Records for the exercise ::
--------------------------------------------------
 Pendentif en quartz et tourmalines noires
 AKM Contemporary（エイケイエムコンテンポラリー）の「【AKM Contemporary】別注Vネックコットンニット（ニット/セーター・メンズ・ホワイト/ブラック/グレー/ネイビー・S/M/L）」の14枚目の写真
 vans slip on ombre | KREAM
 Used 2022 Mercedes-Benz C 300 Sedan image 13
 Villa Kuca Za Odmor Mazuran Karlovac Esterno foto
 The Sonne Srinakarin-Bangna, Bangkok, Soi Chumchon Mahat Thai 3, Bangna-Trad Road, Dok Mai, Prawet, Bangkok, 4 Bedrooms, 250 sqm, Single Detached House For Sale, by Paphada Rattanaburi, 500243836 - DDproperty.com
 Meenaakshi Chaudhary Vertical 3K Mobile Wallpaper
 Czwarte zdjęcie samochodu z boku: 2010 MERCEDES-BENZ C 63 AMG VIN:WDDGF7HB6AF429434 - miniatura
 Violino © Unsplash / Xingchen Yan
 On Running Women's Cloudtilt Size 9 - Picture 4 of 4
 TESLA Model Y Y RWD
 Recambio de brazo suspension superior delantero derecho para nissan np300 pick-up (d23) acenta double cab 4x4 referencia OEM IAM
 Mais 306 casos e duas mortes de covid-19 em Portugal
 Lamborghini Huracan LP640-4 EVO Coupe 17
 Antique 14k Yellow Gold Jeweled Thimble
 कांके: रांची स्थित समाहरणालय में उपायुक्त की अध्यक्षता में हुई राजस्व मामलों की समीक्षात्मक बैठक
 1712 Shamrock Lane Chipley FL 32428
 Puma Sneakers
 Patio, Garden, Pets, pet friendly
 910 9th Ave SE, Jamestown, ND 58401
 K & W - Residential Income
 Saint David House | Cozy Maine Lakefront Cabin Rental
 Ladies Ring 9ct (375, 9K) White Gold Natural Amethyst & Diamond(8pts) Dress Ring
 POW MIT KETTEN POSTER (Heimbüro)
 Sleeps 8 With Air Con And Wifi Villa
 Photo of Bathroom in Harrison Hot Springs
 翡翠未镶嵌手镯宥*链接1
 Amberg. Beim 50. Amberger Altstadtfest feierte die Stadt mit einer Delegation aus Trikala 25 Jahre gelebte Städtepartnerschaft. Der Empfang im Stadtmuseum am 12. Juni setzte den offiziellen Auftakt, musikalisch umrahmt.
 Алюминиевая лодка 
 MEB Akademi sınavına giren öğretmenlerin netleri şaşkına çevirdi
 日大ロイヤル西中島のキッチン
--------------------------------------------------
Task item ::
The reply should hold only the lines from the beginning of the listing above through the line with "Sleeps 8 With Air Con And Wifi Villa", each one written exactly as it appears.

Written response ::
 Pendentif en quartz et tourmalines noires
 AKM Contemporary（エイケイエムコンテンポラリー）の「【AKM Contemporary】別注Vネックコットンニット（ニット/セーター・メンズ・ホワイト/ブラック/グレー/ネイビー・S/M/L）」の14枚目の写真
 vans slip on ombre | KREAM
 Used 2022 Mercedes-Benz C 300 Sedan image 13
 Villa Kuca Za Odmor Mazuran Karlovac Esterno foto
 The Sonne Srinakarin-Bangna, Bangkok, Soi Chumchon Mahat Thai 3, Bangna-Trad Road, Dok Mai, Prawet, Bangkok, 4 Bedrooms, 250 sqm, Single Detached House For Sale, by Paphada Rattanaburi, 500243836 - DDproperty.com
 Meenaakshi Chaudhary Vertical 3K Mobile Wallpaper
 Czwarte zdjęcie samochodu z boku: 2010 MERCEDES-BENZ C 63 AMG VIN:WDDGF7HB6AF429434 - miniatura
 Violino © Unsplash / Xingchen Yan
 On Running Women's Cloudtilt Size 9 - Picture 4 of 4
 TESLA Model Y Y RWD
 Recambio de brazo suspension superior delantero derecho para nissan np300 pick-up (d23) acenta double cab 4x4 referencia OEM IAM
 Mais 306 casos e duas mortes de covid-19 em Portugal
 Lamborghini Huracan LP640-4 EVO Coupe 17
 Antique 14k Yellow Gold Jeweled Thimble
 कांके: रांची स्थित समाहरणालय में उपायुक्त की अध्यक्षता में हुई राजस्व मामलों की समीक्षात्मक बैठक
 1712 Shamrock Lane Chipley FL 32428
 Puma Sneakers
 Patio, Garden, Pets, pet friendly
 910 9th Ave SE, Jamestown, ND 58401
 K & W - Residential Income
 Saint David House | Cozy Maine Lakefront Cabin Rental
 Ladies Ring 9ct (375, 9K) White Gold Natural Amethyst & Diamond(8pts) Dress Ring
 POW MIT KETTEN POSTER (Heimbüro)
 Sleeps 8 With Air Con And Wifi Villa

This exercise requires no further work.